Evaluate classifier on a dataset

This tutorial shows you how you can test the performance of a classifier on a data set. This tutorial will introduce two classes. EvaluateDataset, which allows you to test a classifier on a data set and it will also introduce PerformanceMeasure. This class is used to store information regarding the performance of a classifier.

Evaluate a classifier on a dataset

  1. Dataset data = FileHandler.loadDataset(new File("devtools/data/iris.data"), 4, ",");
  2. Classifier knn = new KNearestNeighbors(5);
  3. knn.buildClassifier(data);
  4. Dataset dataForClassification = FileHandler.loadDataset(new File("devtools/data/iris.data"), 4, ",");
  5.  
  6. Map<Object, PerformanceMeasure> pm = EvaluateDataset.testDataset(knn, dataForClassification);
  7. for(Object o:pm.keySet())
  8. System.out.println(o+": "+pm.get(o).getAccuracy());

[Documented source code]
This sample loads the iris data set, constructs a 5-nearest neighbor classifier and loads the iris data again.
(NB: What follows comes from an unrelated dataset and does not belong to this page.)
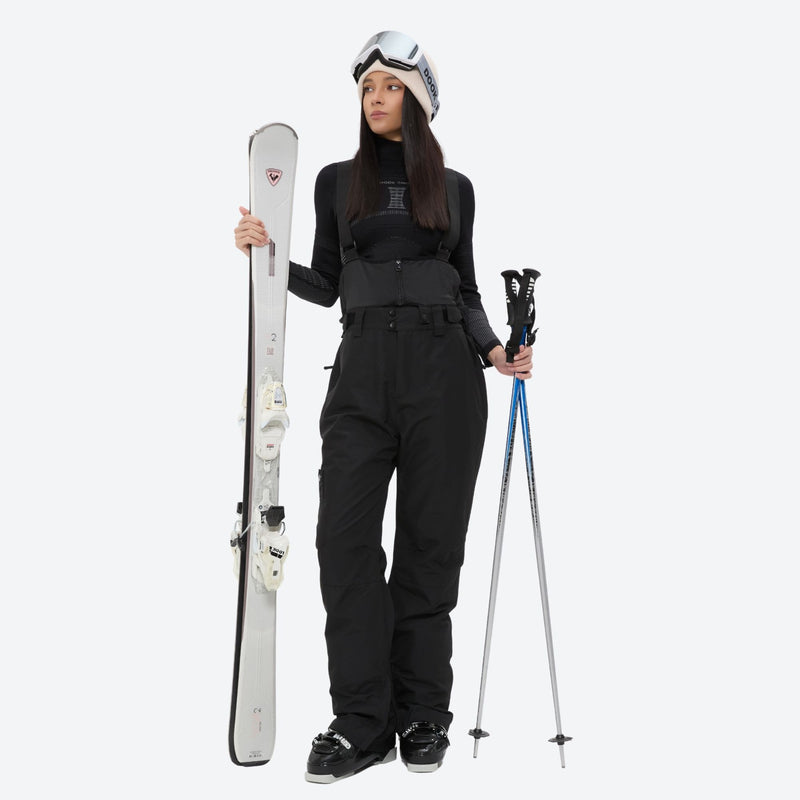 Women's 2-layer insulated ski suit - black snow pants, front with upright skis and poles, for snowy mountain travel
The testDataset method will use the trained classifier to predict the labels for all instances in the supplied data set. The performance of the classifier is returned as a map that contains for each class a performance measure. A PerformanceMeasure is a wrapper around the values for the true positives, true negatives, false positives and false negatives. This class also provides a number of convenience method to calculate a number of aggregate measures like accuracy, f-score, recall, precision, sensitivity, specificity, etc.